◆ **DATA EXTRACT**
§

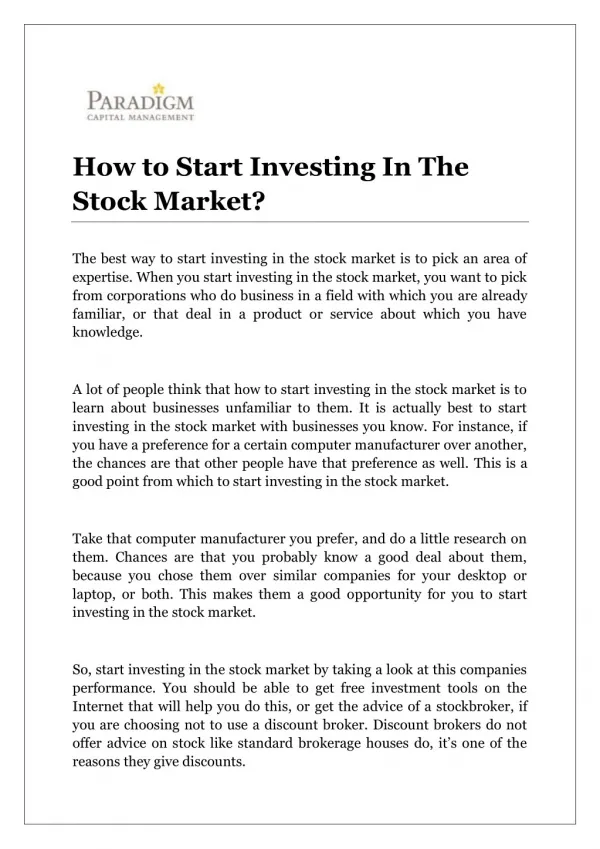 How to Start Investing In The Stock Market?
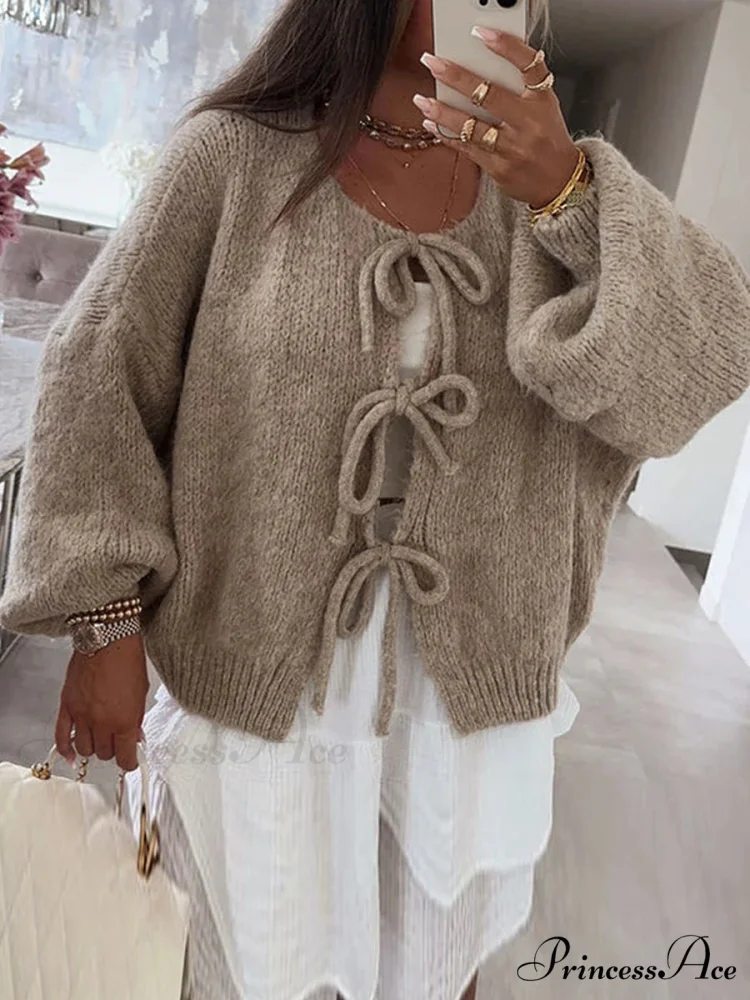 Baggy V-Neck Bind Front Knit Cardigan - Image 5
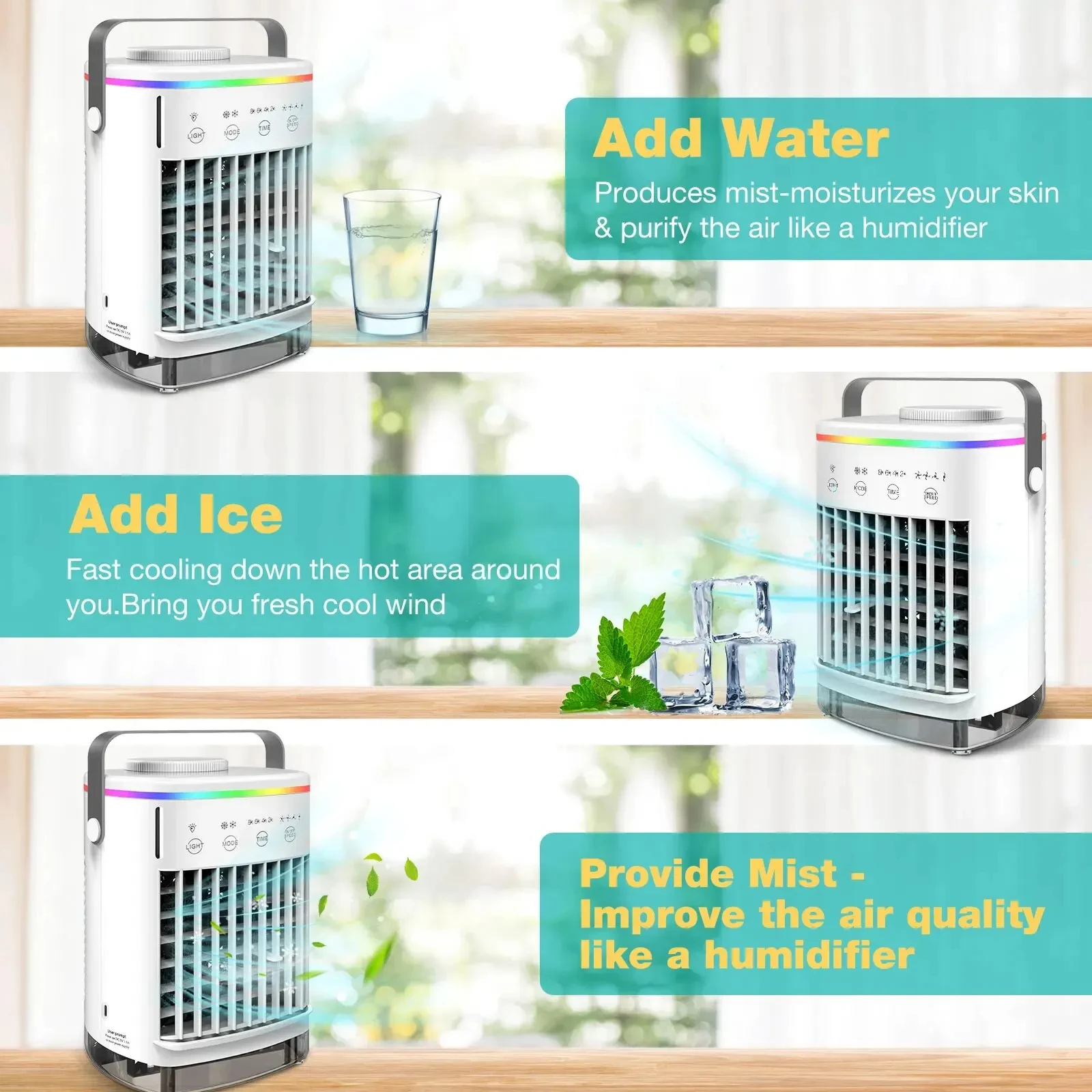 Xiaomi Mini Air Conditioner Air Cooler Fan Water Cooling Fan Air Conditioning For Room Office Mobile Portable Air Conditioner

§

◆ **ABOUT THIS EXERCISE**
Drop the pictures, then repeat the material word for word.

◆ **SOLVED PROBLEM**
 How to Start Investing In The Stock Market?
 Baggy V-Neck Bind Front Knit Cardigan - Image 5
 Xiaomi Mini Air Conditioner Air Cooler Fan Water Cooling Fan Air Conditioning For Room Office Mobile Portable Air Conditioner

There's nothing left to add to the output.